Whenever a picture appears, leave it out while repeating all the other data exactly.

▸ STORED DATA
· · · · · · ·

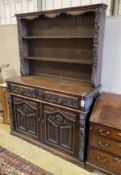 A late 19th century Flemish carved oak dresser, length 135cm, depth 50cm, height 192cm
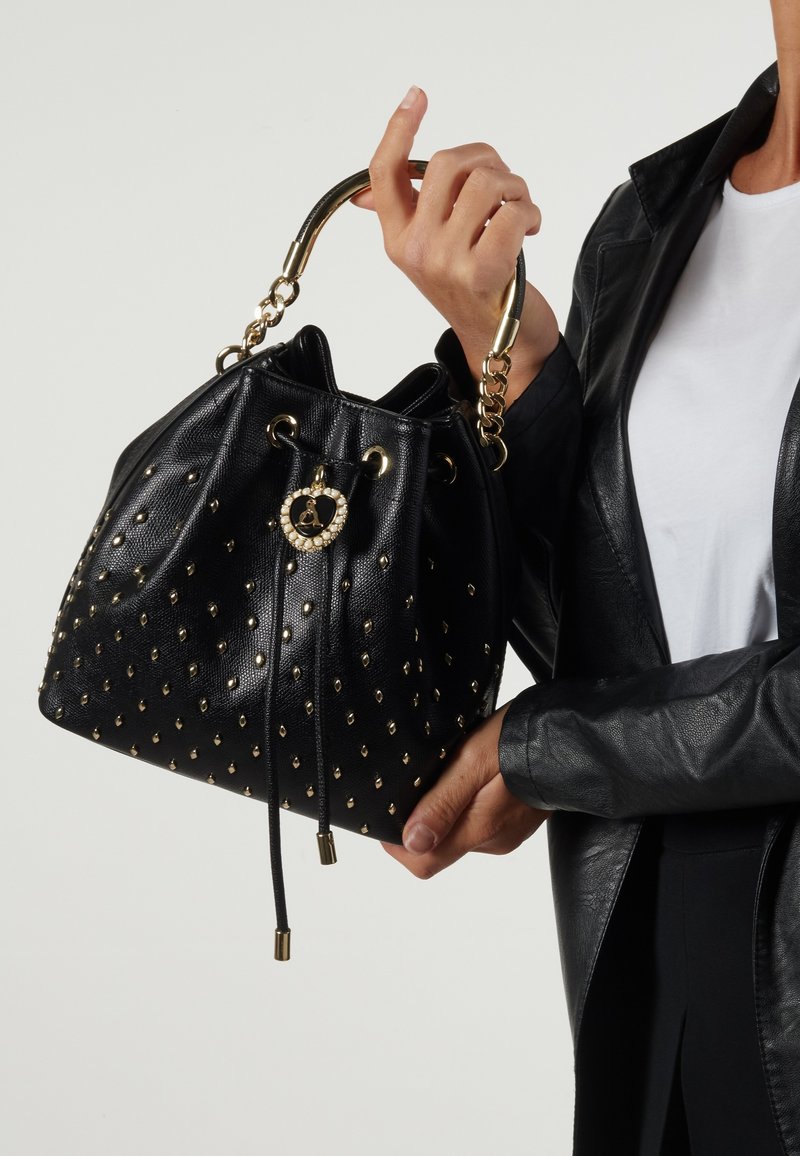 Mustakankainen nahkainen ämpärilaukku, jossa on kultaisia niittejä, nyörisuljenta ja ketjuhandle, jossa on koristeellinen pyöreä yksityiskohta edessä.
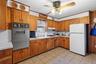 Kitchen featuring white appliances, light countertops, brown cabinetry, and ornamental molding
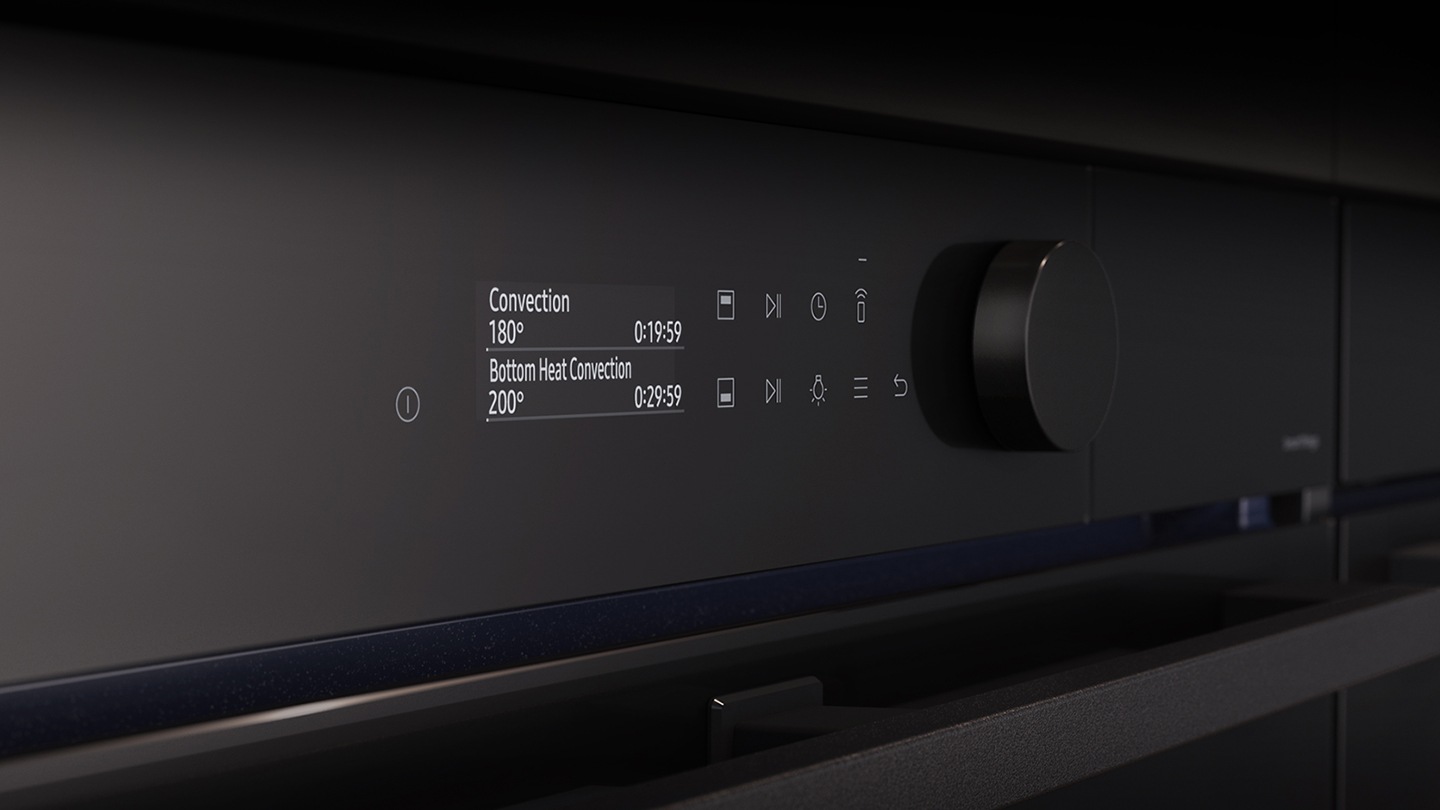 Shows a close-up of the oven's stylishly minimalist control panel with an LCD display, which shows pictures of the various cooking options, touch control and a single knob.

· · · · · · ·

▸ EXERCISE RESPONSE
 A late 19th century Flemish carved oak dresser, length 135cm, depth 50cm, height 192cm
 Mustakankainen nahkainen ämpärilaukku, jossa on kultaisia niittejä, nyörisuljenta ja ketjuhandle, jossa on koristeellinen pyöreä yksityiskohta edessä.
 Kitchen featuring white appliances, light countertops, brown cabinetry, and ornamental molding
 Shows a close-up of the oven's stylishly minimalist control panel with an LCD display, which shows pictures of the various cooking options, touch control and a single knob.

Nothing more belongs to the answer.